Lights in the NZ sky haunt TV producer for three decades

Thirty years ago today, strange lights were filmed in the night skies over the Kaikoura coast.

NZSB12Theories ranged from squid boat lights to sightings of Mercury and Venus. Former television producer Leonard Lee recalls his involvement in the Kaikoura UFO mystery.
On the morning of December 31, 1978, I received an early-morning call from Neil Miller my chief-of-staff in the newsroom at Channel 0 (now Channel Ten) in Melbourne.
He was babbling, telling me one of our reporters and a freelance film crew had filmed UFOs from a freight plane in the skies over Kaikoura the previous night.
My friend – and fellow Kiwi – Quentin Fogarty was the reporter.

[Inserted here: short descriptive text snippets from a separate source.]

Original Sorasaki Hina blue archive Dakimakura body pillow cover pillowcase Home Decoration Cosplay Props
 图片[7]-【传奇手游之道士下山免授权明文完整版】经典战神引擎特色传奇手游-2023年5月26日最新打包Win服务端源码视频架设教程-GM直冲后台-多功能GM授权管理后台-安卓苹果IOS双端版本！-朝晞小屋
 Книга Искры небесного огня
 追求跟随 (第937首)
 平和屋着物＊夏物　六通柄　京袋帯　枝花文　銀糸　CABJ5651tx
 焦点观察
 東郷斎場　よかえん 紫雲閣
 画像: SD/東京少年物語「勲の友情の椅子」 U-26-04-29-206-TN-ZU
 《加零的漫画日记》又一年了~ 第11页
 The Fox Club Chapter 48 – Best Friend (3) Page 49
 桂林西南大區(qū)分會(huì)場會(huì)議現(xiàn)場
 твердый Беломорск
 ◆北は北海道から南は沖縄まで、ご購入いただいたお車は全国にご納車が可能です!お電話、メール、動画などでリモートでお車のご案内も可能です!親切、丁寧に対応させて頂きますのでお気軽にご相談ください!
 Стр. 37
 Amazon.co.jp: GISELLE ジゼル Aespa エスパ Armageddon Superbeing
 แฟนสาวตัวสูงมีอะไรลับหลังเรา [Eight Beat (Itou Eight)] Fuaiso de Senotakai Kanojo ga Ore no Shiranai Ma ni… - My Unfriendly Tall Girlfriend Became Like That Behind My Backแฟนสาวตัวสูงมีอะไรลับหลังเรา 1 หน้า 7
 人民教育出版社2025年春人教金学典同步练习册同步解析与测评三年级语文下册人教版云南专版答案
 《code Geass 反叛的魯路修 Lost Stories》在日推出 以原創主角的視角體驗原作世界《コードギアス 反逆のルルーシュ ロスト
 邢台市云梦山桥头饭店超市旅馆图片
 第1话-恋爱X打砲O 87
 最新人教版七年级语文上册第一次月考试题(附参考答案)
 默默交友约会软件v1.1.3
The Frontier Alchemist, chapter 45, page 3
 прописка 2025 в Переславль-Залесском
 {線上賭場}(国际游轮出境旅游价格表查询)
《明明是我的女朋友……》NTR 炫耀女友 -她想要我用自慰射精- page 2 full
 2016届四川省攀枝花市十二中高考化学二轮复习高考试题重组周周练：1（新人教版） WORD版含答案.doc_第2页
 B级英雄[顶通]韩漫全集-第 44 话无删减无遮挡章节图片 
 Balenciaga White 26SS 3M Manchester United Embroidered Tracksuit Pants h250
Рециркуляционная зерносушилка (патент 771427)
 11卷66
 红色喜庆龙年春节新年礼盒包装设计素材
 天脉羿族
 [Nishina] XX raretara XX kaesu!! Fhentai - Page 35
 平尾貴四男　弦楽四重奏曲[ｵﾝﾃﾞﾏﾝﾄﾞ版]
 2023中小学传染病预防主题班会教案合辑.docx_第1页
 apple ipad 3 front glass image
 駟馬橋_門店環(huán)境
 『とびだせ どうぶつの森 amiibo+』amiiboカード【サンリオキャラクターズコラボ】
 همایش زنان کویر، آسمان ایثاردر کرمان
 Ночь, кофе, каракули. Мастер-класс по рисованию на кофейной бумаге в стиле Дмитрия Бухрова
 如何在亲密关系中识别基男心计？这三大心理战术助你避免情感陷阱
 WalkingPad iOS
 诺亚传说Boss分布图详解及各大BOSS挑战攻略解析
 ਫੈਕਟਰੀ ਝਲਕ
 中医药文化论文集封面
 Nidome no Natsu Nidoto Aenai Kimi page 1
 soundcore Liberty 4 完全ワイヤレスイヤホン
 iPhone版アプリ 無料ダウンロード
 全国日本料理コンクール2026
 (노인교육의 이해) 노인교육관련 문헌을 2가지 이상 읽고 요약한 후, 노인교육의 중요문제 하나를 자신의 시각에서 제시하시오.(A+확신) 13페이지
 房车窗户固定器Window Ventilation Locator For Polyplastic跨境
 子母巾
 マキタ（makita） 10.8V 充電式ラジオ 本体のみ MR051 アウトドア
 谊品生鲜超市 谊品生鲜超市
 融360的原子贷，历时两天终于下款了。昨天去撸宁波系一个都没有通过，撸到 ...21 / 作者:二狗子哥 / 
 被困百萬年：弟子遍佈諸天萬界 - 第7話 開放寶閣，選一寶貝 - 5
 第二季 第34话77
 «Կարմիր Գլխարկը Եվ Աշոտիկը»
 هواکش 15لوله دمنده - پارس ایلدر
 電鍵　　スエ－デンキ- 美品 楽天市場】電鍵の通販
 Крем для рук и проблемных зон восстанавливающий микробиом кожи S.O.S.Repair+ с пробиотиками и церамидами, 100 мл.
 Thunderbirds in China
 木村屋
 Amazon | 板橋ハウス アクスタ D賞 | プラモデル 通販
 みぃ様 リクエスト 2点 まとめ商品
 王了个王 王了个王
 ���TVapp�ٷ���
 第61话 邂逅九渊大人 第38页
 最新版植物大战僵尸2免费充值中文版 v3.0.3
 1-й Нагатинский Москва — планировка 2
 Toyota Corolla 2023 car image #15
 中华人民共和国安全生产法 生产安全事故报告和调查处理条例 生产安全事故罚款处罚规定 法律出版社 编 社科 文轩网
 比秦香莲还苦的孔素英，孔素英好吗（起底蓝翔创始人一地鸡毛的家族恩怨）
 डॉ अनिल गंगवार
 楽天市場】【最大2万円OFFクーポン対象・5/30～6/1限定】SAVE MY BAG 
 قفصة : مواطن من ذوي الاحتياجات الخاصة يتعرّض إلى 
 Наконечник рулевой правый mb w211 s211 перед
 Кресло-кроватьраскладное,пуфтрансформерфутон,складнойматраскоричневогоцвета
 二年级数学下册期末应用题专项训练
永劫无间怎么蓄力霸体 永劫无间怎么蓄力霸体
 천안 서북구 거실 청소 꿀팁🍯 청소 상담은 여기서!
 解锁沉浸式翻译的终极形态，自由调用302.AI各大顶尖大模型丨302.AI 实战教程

I had sent him to recap another apparent encounter by two pilots 10 days earlier.
The objects were also seen by the two pilots, Bill Startup and Bob Guard, Quentin’s cameraman, David Crocket, and his wife, Ngaire, the sound recordist.
They were also confirmed on ground radar in Wellington and Christchurch, and further confirmed by the plane’s radar.
We also had 16mm film footage of the lights.
As news of the sightings spread through the media, Quentin was holed up in a Christchurch motel with his family, and I knew we had to get him back to Melbourne with the footage as quickly as possible.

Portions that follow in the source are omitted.